Es la Pascua consumada y
continuada, perenne.
Pentecostés es el último día
de la fiesta, el día que hace cincuenta después de Pascua.
El último día es la memoria
del Don del Espíritu Santo.
Los santos Padres enseñan que
Cristo ha sufrido pasión y muerte y ha Resucitado "para entregar el
Espíritu".
Santo Tomás dice que, dando
el Espíritu, Dios no da un don inferior a sí mismo, sino que se da a sí mismo.
El Espíritu convoca la
Iglesia, la une en la diversidad y le regala los dones de la unidad, de la
santidad y de la apostolicidad.
Desde el primer Pentecostés,
Cristo, Sacerdote eterno, es quien invoca incesantemente el Espíritu sobre la
Iglesia.
El Espíritu es también el
artífice de los sacramentos.
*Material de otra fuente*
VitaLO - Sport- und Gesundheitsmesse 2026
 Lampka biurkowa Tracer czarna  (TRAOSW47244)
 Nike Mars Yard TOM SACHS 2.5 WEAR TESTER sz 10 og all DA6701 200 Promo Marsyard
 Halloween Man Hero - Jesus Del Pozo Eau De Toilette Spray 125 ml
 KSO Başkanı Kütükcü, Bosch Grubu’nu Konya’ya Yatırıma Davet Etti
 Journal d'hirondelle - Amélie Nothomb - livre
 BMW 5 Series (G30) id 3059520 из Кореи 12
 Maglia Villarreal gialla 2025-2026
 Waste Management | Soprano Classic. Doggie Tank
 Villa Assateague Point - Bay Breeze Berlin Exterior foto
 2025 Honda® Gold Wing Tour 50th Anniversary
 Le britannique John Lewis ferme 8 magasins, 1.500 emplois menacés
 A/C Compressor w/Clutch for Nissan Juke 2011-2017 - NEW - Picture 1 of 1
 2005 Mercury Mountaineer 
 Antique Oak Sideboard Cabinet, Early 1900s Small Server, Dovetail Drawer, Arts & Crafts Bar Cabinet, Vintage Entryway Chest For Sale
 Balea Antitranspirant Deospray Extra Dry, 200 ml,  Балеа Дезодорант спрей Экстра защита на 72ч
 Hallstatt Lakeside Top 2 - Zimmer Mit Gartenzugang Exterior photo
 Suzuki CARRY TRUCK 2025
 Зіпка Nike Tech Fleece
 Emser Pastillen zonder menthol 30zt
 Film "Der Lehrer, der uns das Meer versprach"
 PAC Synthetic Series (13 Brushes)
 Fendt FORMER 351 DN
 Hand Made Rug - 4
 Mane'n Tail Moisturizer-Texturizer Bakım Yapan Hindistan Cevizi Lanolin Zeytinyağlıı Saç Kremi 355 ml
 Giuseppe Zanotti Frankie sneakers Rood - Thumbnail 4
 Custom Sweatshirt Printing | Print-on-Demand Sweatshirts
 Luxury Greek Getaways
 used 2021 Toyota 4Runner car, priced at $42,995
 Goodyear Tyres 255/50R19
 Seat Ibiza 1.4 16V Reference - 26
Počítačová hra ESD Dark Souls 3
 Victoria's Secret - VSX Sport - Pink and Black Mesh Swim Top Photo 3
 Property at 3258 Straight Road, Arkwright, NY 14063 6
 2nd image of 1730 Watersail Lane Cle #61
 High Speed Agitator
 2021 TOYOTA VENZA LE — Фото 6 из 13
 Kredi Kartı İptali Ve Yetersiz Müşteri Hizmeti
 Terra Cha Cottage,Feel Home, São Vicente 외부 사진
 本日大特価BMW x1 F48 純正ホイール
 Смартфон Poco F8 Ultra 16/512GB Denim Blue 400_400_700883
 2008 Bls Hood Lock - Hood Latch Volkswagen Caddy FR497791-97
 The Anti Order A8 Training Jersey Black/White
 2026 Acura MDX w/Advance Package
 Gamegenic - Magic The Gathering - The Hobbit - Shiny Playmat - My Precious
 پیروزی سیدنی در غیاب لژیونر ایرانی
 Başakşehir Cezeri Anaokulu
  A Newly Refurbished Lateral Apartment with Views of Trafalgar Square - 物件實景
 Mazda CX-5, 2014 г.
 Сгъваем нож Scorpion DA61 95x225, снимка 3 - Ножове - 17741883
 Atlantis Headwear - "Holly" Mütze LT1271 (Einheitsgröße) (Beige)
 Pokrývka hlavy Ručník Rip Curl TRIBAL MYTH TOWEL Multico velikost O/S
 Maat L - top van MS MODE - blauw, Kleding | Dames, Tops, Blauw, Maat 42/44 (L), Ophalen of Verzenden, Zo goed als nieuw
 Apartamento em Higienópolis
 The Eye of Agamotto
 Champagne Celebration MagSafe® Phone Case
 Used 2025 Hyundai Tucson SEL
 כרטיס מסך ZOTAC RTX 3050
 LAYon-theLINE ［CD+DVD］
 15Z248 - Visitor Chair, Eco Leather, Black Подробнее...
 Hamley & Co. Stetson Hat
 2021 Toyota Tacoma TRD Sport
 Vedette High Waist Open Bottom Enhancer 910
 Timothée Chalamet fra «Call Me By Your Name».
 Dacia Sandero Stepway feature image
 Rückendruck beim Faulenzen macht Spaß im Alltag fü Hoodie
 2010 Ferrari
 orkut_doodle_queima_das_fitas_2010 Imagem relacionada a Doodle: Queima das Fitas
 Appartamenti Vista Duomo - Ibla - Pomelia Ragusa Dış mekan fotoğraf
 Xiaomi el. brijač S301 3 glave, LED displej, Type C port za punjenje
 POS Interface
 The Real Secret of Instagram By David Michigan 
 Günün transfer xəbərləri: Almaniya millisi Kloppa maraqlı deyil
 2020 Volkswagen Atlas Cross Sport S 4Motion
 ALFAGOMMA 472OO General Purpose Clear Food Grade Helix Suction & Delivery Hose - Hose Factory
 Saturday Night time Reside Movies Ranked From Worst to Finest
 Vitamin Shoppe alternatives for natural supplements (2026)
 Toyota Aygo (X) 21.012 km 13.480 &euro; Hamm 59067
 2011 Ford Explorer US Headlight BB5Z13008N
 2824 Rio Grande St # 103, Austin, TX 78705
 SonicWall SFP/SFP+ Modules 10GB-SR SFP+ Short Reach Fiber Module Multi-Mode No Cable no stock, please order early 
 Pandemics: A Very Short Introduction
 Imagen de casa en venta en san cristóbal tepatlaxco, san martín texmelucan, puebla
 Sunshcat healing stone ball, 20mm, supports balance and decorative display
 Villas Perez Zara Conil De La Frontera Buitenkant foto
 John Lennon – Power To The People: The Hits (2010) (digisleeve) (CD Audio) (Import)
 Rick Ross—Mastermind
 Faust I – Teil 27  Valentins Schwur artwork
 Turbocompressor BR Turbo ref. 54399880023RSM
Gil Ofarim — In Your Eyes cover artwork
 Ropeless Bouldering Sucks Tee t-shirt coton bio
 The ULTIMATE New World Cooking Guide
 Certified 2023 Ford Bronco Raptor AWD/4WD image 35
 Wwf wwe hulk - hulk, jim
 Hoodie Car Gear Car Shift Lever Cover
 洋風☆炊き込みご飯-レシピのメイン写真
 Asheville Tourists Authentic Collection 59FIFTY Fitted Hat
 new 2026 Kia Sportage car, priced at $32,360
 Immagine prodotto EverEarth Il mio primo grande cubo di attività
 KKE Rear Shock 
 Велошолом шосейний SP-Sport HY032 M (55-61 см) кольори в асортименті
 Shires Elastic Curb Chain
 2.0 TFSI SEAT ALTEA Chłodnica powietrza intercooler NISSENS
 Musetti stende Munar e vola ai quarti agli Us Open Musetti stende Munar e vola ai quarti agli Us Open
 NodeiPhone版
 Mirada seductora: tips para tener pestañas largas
Del mismo modo que vivifica el pan y el vino para
que sean el Cuerpo y la Sangre del Señor, vivifica el libro de la Escritura
para que sea Palabra viva para nosotros.
Dentro de nosotros, en el
corazón de cada creyente, es agua viva e impetuosa que clama: "Ven al
Padre" (San Ignacio de Antioquía).
Por Él entramos en la
comunión trinitaria ya en este mundo, aunque todavía no se ha manifestado la
gloria de los hijos e hijas de Dios.
Mucho más: la Liturgia es la
obra conjunta del Espíritu y de la Iglesia. Sin el Espíritu no hay liturgia
cristiana.
"El amor de Dios ha sido
derramado en nuestros corazones" (Rm 5,5).